The refinery is in the middle of a green field, in Korakiana village, just 14 kilometers from Corfu town. It is an old building that has been renovated recently. I know the owner who lives in the village and who spent his whole life as a blacksmith and a refiner. He’s got his own olive groves and he started this refinery for his own needs. At first he used the old way to extract olive oil. He used two round mill stones that were crushing the olives as they were rotating with the help of a horse. This was replaced by a man operated device made from iron and wood, but now everything relies on the new technology.

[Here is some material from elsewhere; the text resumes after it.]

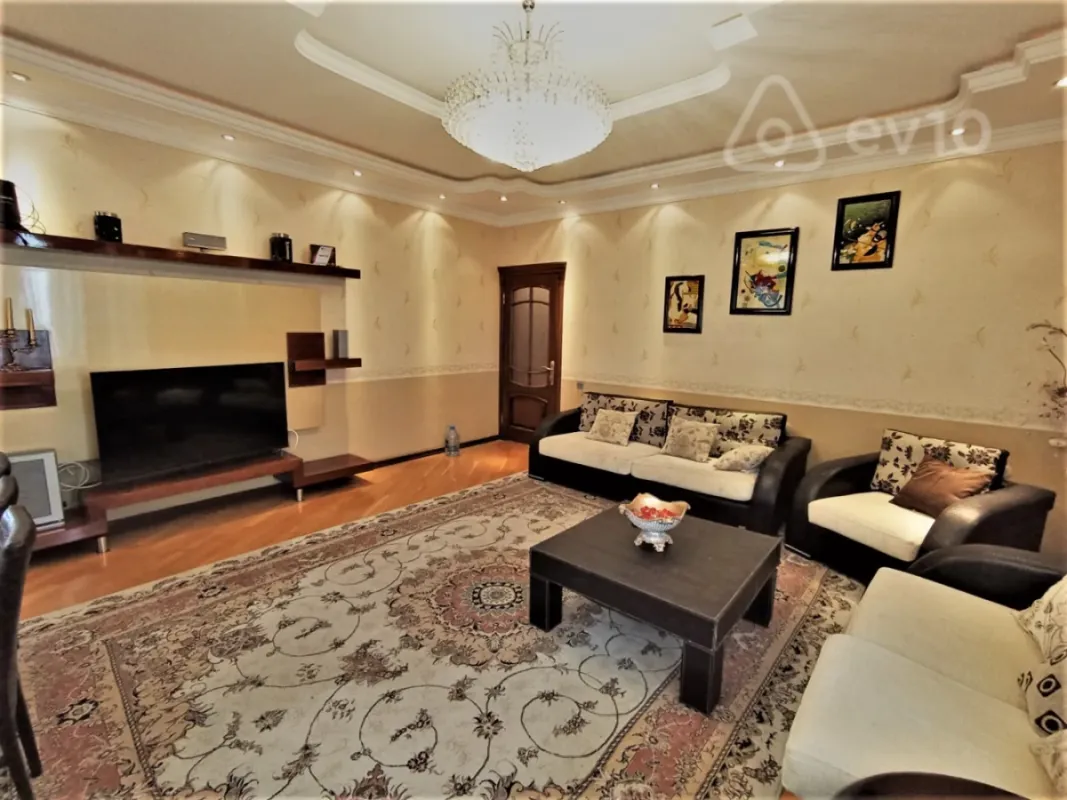 Satılır 4 otaqlı yeni tikili 170 m²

I went into the refinery to watch the process of olive oil making. I saw a spacious room with a kind of machinery that consisted of a complex of long shiny steel tubes. It reminded me of the device in the Chocolate Factory story! At one side they emptied a sack of olives mixed with leaves. This is the raw product the villages gather in the fields. They actually spread large nets under the trees for the olives to fall on them and then they store them in sacks. This mixture went through a tube where they got sorted out by means of compressed air. Then the olives went through a long tube where they got pressed and separated from their stones. At the other end of the tube, which was a couple of meters long, the new olive oil started trickling into a pot. Then they measured the acidity of the product. If it is less than 2 degrees they use it for eating, over 2 they sell it to soap manufacturers.
The owner gets a small percentage of the extracted olive oil as payment along with a small sum. He then sells it to his customers.
I should also mention another product of the olive tree; the olives.
These are small, black and tasty olives, freshly gathered by the villagers in the Corfiot olive groves. I can’t find them all the year round though. The people gather olives when the crop is ripe enough to fall. So, local olives are available in winter and spring as well as in late autumn. I know that and I go to the local super market to get as many olives as I can store at home. I store them in clay or glass jars filled with salty water. If I want to consume them soon, I preserve some in smaller jars filled with olive oil and vinegar. In this way they can be kept fresh for a very long time.
These local olives are very tasty and very different from all the other types of Greek olives which are a lot bigger. They can be found only in big super markets on the island such as 'Demetra' markets or ‘Sconto’ markets.